Liverpool were destroyed for 45 minutes, but while Jurgen Klopp's side have Mo Salah they will always have hope
For 45 minutes, Manchester City were merciless.
Pep Guardiola had reverted to first principles at the Etihad, essentially selecting a team of midfielders, with Kompany and Aguero left out. In doing so, he ensured Liverpool would suffer, not through the aggression of Kompany or the goals of Aguero, but through the endless, sadistic movement of the ball and players.
But there was one mercy. At the end of 45 minutes, City had only one goal, and they began the second half with Guardiola watching from the stand, dismissed for his understandable complaints that City had wrongly had a second disallowed.
Liverpool had watched for 45 minutes. They had witnessed this creation of staggering beauty and bewitching complexity unfurled in front of them and then, like Indiana Jones pulling his gun after the swordsman had magnetically flashed his blades, Liverpool shot City down. And, inevitably, it was Mo Salah who knocked City out.

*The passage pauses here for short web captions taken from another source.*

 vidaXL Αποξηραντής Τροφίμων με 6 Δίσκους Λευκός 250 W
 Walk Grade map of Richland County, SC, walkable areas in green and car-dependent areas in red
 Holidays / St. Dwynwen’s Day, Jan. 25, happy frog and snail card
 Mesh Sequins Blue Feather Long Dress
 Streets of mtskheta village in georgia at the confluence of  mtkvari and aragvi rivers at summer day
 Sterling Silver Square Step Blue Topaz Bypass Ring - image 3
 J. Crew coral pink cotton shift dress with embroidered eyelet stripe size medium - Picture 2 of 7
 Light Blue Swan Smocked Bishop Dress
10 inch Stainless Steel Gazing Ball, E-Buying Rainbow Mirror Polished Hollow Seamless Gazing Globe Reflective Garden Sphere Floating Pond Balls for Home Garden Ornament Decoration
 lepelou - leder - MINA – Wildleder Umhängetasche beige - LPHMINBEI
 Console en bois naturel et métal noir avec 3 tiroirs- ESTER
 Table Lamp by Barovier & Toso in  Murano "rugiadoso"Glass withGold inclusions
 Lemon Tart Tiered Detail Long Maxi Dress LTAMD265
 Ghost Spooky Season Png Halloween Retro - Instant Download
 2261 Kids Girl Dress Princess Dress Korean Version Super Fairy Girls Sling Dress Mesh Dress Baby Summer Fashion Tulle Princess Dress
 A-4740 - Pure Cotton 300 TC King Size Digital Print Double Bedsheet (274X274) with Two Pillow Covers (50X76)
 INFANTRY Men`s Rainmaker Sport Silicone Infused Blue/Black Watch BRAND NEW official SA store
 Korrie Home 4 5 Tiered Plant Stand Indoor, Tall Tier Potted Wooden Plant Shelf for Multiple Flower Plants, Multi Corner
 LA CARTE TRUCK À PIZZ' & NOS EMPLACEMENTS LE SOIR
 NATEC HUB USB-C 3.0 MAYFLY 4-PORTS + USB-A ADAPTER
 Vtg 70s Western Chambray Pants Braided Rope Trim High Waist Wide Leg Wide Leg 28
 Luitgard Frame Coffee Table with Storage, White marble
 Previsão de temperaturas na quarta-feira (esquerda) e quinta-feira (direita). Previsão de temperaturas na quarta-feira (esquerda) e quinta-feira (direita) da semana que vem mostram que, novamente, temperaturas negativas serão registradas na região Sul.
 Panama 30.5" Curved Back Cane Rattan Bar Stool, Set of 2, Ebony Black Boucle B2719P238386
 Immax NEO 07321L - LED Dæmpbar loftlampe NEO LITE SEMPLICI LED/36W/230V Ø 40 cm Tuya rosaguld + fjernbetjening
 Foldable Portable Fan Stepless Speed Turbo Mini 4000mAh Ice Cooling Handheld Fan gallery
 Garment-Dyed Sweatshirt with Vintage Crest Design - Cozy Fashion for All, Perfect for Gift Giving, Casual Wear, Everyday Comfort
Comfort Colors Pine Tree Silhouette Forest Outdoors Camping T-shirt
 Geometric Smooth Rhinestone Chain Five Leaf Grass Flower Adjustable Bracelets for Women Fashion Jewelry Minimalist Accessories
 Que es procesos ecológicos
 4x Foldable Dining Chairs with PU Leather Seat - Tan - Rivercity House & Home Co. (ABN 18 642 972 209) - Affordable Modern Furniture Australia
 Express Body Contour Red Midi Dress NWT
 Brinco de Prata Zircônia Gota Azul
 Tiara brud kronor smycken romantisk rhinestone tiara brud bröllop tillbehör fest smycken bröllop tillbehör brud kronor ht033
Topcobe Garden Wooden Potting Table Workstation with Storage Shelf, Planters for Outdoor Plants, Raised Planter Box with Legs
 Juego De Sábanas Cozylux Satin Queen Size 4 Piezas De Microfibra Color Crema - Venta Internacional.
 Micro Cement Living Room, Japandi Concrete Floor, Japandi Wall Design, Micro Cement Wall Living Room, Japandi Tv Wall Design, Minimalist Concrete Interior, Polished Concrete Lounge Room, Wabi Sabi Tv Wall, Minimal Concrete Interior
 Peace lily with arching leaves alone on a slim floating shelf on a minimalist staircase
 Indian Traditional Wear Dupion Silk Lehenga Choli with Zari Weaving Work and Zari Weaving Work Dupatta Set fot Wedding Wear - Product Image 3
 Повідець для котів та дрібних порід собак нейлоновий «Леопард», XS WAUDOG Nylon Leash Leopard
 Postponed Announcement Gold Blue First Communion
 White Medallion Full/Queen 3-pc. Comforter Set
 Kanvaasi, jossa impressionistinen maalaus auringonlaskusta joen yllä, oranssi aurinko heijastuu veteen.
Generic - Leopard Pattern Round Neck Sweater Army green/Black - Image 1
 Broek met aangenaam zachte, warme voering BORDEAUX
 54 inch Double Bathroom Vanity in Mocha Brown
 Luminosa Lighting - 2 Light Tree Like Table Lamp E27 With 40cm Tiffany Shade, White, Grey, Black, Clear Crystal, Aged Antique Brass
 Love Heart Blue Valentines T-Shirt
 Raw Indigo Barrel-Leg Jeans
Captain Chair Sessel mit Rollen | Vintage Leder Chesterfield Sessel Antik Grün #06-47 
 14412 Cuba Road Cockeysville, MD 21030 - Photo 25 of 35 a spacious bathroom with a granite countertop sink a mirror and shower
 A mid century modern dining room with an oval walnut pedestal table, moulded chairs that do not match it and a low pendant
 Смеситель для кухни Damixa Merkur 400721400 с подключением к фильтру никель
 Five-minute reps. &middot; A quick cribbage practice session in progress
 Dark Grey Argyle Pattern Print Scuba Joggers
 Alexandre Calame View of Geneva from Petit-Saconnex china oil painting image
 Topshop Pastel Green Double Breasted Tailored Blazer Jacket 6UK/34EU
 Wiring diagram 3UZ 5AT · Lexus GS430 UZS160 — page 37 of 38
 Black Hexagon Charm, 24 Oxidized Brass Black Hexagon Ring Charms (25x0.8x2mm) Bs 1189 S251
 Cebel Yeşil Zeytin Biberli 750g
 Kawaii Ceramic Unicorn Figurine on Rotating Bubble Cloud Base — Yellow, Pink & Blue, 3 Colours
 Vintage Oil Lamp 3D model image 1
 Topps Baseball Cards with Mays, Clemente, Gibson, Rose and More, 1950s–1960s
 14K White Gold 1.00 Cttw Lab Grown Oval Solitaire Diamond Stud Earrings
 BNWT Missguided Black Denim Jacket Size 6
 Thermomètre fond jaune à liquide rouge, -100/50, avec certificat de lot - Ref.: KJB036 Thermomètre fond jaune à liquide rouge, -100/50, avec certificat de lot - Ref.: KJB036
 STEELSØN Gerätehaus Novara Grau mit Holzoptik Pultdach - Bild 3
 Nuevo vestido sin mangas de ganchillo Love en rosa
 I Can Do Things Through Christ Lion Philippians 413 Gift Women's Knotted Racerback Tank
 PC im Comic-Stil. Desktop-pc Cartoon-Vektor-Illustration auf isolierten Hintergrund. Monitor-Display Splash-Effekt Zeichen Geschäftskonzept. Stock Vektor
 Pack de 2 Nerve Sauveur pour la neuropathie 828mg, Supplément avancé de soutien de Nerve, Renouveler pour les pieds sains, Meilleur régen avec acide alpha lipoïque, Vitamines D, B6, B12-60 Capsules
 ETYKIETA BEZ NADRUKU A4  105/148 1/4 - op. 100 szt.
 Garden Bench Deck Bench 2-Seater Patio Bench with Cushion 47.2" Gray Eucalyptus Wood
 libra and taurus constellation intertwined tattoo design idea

Salah, half-fit and marginalised for much of the game, delivered his own moment of wonder to end the tie, picking up the ball after Ederson had closed down Sadio Mane as he moved through on goal. From that moment, Salah's preternatural ability to create a world of calm when all around him is chaos ensured Liverpool would go through, As he lofted the ball into the City net, all of the home side's staggering beauty had been in vain.
And Liverpool could breathe. ‘Where’s your European Cups?” their fans sang after Roberto Firmino’s goal had made their place in the Champions League semi-finals inevitable. Nobody thought City could score six.
For a while it looked as if they could score whatever they wanted. Jurgen Klopp’s achievement in taking his side to the last four in the Champions League highlighted all he has already achieved at Anfield.
If Liverpool had won the tie during the first 45 minutes at Anfield a week ago, they needed to find some resolve during the second half here at the Etihad and in doing so, they took down a team which, in the first half, produced a stunning display of fast, relentless football.
In the second, Liverpool found many things that had been absent in the first, most importantly Salah, but after that a midfield. Gini Wijnaldum was more involved in the first five minutes of the second half than he had been for all of the first period, when Liverpool seemed resigned to being witnesses to this great City resurgence.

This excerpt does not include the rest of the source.